Another oberon compiler

I used to run with Linux Native Oberon. But LNO does not run anymore on newer Linux kernels. That's a pitty but it's also a fact of life. So occasionally I come into contact with people on the Modula-2 forums and sooner or later we end up talking about Oberon. Duke recently told me about the obc compiler by Mike Spivey. More here: Welcome to Spivey'sCorner.

I found the following text in the man page of obc:

Obc is the Oxford Oberon compiler. It translates source files written in a language that is almost (but not quite) Oberon-2, translates them into a portable bytecode form, and links the bytecode with library code to produce an executable program.

Bytecode and executable files produced by the compiler are machine-independent. The same executable can be run without change on multiple machines of different architectures, provided the Oberon run-time system has been installed appropriately on all of them.

I tried the MHC Modula-2 compiler that compiled into Java source code (not Java bytecode) but the MHC compiler was a disappointment. Now, MHC also make an Oberon to Java Bytecode compiler. But I dare not spend any money on it. Suppose it is of the same disappointingly low quality as the MHC Modula-2 compiler? Another 40 euro's down the drain.
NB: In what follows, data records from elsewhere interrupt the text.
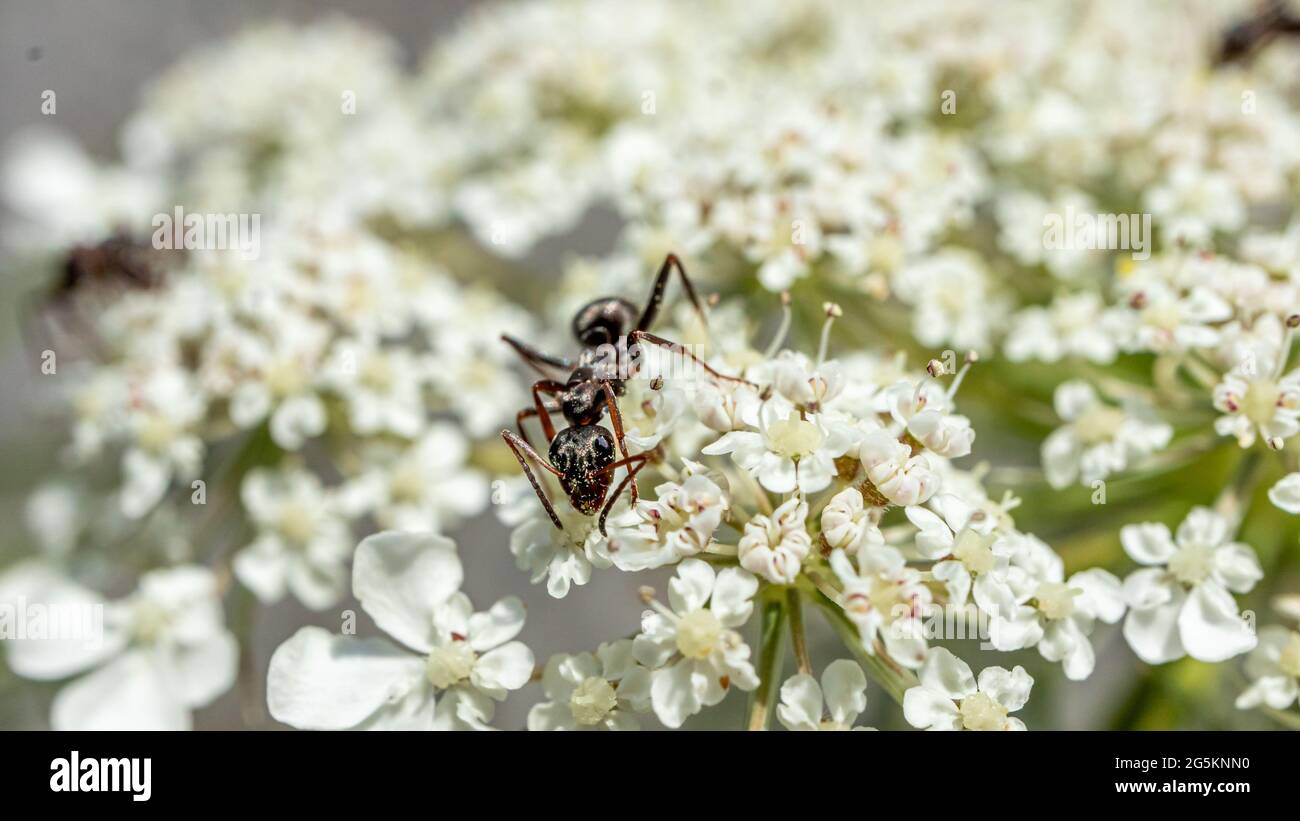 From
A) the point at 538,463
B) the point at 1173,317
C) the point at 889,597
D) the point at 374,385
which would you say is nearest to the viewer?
the point at 889,597

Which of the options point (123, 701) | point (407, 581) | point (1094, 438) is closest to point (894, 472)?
point (1094, 438)

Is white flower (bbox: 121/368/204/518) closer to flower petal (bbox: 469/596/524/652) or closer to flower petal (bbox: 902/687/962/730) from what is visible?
flower petal (bbox: 469/596/524/652)

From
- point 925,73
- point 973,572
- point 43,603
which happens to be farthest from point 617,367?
point 43,603

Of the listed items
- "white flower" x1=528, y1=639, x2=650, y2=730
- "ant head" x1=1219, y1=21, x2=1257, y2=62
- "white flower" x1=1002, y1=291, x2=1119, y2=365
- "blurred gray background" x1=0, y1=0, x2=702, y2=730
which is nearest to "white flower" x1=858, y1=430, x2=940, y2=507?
"white flower" x1=528, y1=639, x2=650, y2=730

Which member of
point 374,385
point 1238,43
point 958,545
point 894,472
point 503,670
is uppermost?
point 1238,43

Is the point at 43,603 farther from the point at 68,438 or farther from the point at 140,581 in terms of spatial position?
the point at 68,438

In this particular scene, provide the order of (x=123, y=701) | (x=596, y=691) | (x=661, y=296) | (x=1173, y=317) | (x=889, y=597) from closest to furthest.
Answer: (x=889, y=597), (x=596, y=691), (x=1173, y=317), (x=661, y=296), (x=123, y=701)

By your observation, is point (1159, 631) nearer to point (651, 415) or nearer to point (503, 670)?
point (651, 415)
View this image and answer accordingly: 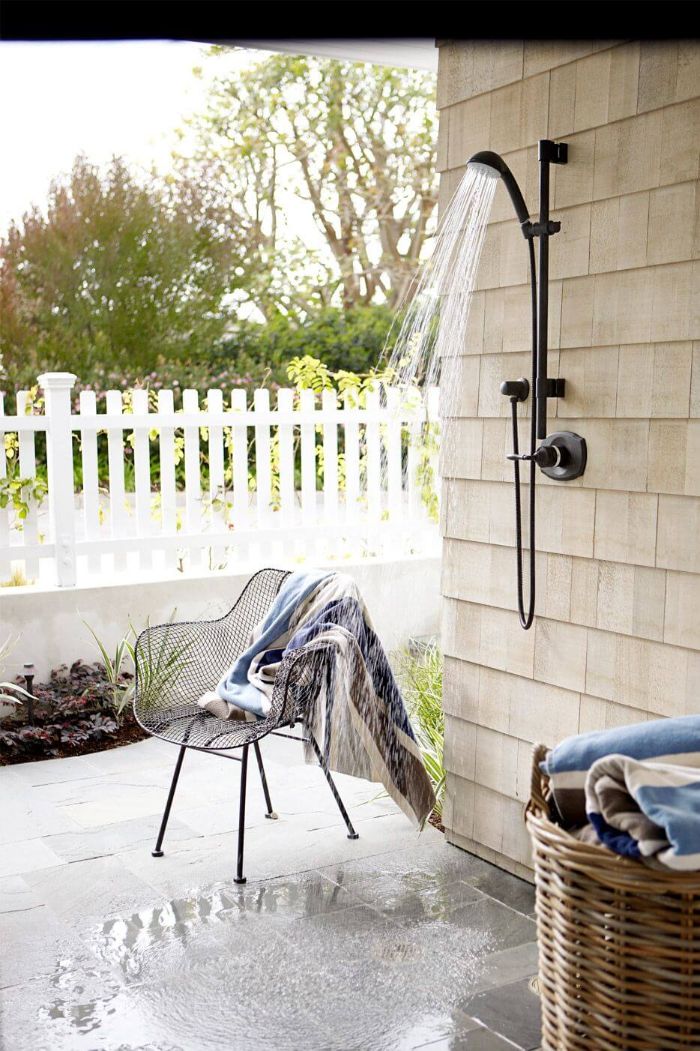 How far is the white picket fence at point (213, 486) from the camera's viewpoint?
4.52 meters

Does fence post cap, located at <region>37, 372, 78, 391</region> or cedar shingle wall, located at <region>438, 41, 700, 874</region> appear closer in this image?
cedar shingle wall, located at <region>438, 41, 700, 874</region>

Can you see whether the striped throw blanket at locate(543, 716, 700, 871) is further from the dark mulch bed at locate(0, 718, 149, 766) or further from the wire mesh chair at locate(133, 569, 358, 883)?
the dark mulch bed at locate(0, 718, 149, 766)

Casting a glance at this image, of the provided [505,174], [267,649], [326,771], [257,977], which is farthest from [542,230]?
[257,977]

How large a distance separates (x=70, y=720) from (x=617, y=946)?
9.64 feet

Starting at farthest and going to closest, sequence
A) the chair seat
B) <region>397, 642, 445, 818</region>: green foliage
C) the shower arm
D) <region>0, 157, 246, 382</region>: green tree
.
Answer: <region>0, 157, 246, 382</region>: green tree
<region>397, 642, 445, 818</region>: green foliage
the chair seat
the shower arm

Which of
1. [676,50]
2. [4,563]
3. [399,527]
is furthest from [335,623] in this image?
[399,527]

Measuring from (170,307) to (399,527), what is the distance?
576 centimetres

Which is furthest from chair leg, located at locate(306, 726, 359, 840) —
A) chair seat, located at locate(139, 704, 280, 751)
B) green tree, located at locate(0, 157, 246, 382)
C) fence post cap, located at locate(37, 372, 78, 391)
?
green tree, located at locate(0, 157, 246, 382)

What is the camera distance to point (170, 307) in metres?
10.4

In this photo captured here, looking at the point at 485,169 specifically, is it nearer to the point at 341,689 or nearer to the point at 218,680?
the point at 341,689

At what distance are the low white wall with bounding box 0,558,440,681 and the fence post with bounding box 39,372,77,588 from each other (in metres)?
0.15

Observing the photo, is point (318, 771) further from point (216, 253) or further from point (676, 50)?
point (216, 253)

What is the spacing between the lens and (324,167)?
34.9 feet

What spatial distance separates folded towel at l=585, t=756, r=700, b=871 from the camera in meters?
1.48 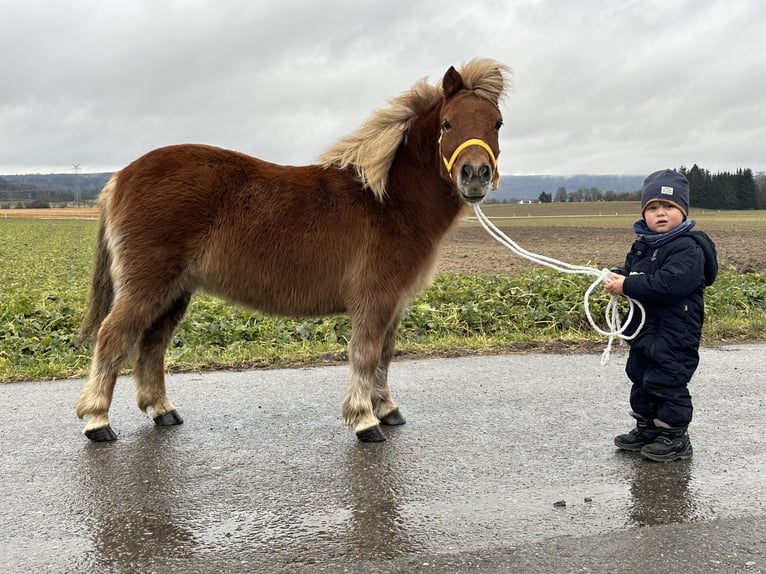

I don't mind flushing €40 down the drain, as long as I still have had a nice time doing so. Which was not the case with the afore mentioned Modula-2 compiler.

Now, have you seen the last italic paragraph? The byte code is machine independant. It's not Java style, so potential users may need to install something before they can proceed, but the thing to be installed is widely available and it is there for the majority of operating systems. And the obc is free of charge. So these are two things to keep in mind.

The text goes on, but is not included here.